Quality education is a cornerstone for not only individual capacity development, but also sustainable socio-economic development. JICA has been supporting government programs aiming at improving the quality of education, especially in the post-primary sub-sectors.
Secondary Science and Mathematics Teachers' (SESEMAT) Project Phase III
In 2005, Japan began "Secondary Science and Mathematics Teachers' project (SESEMAT)" under which more than 450 science and mathematics teachers received training. Upon request of the Government of Uganda in 2007, Japan expanded the support and added 42 districts to the original target of SESEMAT. As a result, a total of 5,534 teachers had received SESEMAT training by 2011. Furthermore, 180 tutors at Primary Teachers' Colleges (PTC) and 30 lectures at National Teachers' Colleges (NTC) in the field of science and mathematics received customized trainings based on their needs. Subsequently, in 2013, SESEMAT Phase III Program commenced and focused on three areas, which are in-service training, regional based activities, and development of teaching reference to strengthen teaching ability. The feature on Phase III was to introduce "Unit learning with Unit Plan" which is a higher framework in which a group of lessons are to be naturally linked.
TVET-Leading Institution's Expansion of Human Resource and Skilled Workforce Development for Industrial Sector in Uganda (TVET-Lead Project)
Since 1968, JICA has supported Uganda’s TVET through the Nakawa Vocational Training Institute (NVTI), which was upgraded to Nakawa Vocational Training College (NVTC), by providing facilities and equipment, strengthening the organization and training management system as well as enhancing technical knowledge and capacity of instructors. The main objective of JICA’s involvement in TVET was to improve the quality of vocational training to meet the demand of human resources in the country. Since 2014, TVET-LEAD project was started for the purpose strengthening the capacity of NVTI for human resource development to respond to the needs of the private sector. One of the biggest achievements was establishment of Vocational Diploma in Electrical Engineering and Automobile Engineering, and this breakthrough led the institution to be upgraded to a Vocational College. Furthermore, NVTC has been strengthening the partnership with private sector, through the PPPWG (Public-Private Partnership Technical Working Group.) This approach has resulted into NVTC graduates and trainees being linked to businesses and organizations that are in need of their skills.

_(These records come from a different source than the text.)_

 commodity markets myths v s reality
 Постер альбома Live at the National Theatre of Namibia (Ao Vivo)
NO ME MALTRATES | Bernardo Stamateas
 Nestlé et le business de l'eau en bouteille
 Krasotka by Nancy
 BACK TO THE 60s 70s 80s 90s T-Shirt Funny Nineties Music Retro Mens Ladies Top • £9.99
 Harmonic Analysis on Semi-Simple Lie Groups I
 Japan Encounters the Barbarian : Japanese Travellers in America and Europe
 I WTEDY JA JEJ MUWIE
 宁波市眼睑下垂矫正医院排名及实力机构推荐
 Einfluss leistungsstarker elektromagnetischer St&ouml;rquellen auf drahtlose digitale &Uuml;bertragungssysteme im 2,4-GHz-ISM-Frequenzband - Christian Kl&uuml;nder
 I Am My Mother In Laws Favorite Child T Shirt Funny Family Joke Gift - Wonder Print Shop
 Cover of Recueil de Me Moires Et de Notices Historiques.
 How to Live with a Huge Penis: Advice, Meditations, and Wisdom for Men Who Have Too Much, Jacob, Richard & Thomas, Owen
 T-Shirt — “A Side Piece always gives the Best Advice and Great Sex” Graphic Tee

Knowledge Co-Creation Program (KCCP)
The Knowledge Co-Creation Program (KCCP) is a technical cooperation in Japan by JICA with a focus on contributing to the development of human resources to address and/or solve targeted problems in developing countries as well as promoting mutual understanding and friendships between the countries. The Japanese society has developed uniquely by fusing its national characteristics with foreign knowledge and technology. Most of these experiences accumulated in Japanese society can be understood better by visiting Japan. The KCCP therefore provides people in developing countries with valuable first-hand opportunities to learn Japan’s experience and technologies in specialized fields that will be useful for the future development of their countries. Covering a wide range of areas of development knowledge such as governance, education, health, agriculture, transportation, urban/rural development, water and environment, gender and development, information and communication technology, peacebuilding, private sector development, and disaster management, the programs expect participants to share acquired knowledge and skills with colleagues in their workplaces for human resource development and building organizational capacity. Currently, JICA dispatches around 50 participants from Uganda every year, and more than 2,000 personnel, mainly from government organizations, have visited Japan to acquire first-hand knowledge and expertise.
African Business Education Initiative for Youth (ABE Initiative)
The ABE initiative was launched in 2013 at the Fifth Tokyo International Conference on African Development (TICAD V) and provides African youth with opportunities to study at master’s courses at Japanese universities as well as to experience internships at Japanese companies. It aims to develop human resource who will contribute to the industrial and business development in Africa and build business networks between African and Japan, while serving as “navigators” for Japanese companies. Since 2014, JICA has accepted about 1,600 participants from all 54 African countries in this initiative. The uniqueness of this program in comparison with other scholarship programs lies in what is called “Business Program”, which is offered to the participants in addition to their master’s courses. As of 2022, 35 participants have been dispatched from Uganda.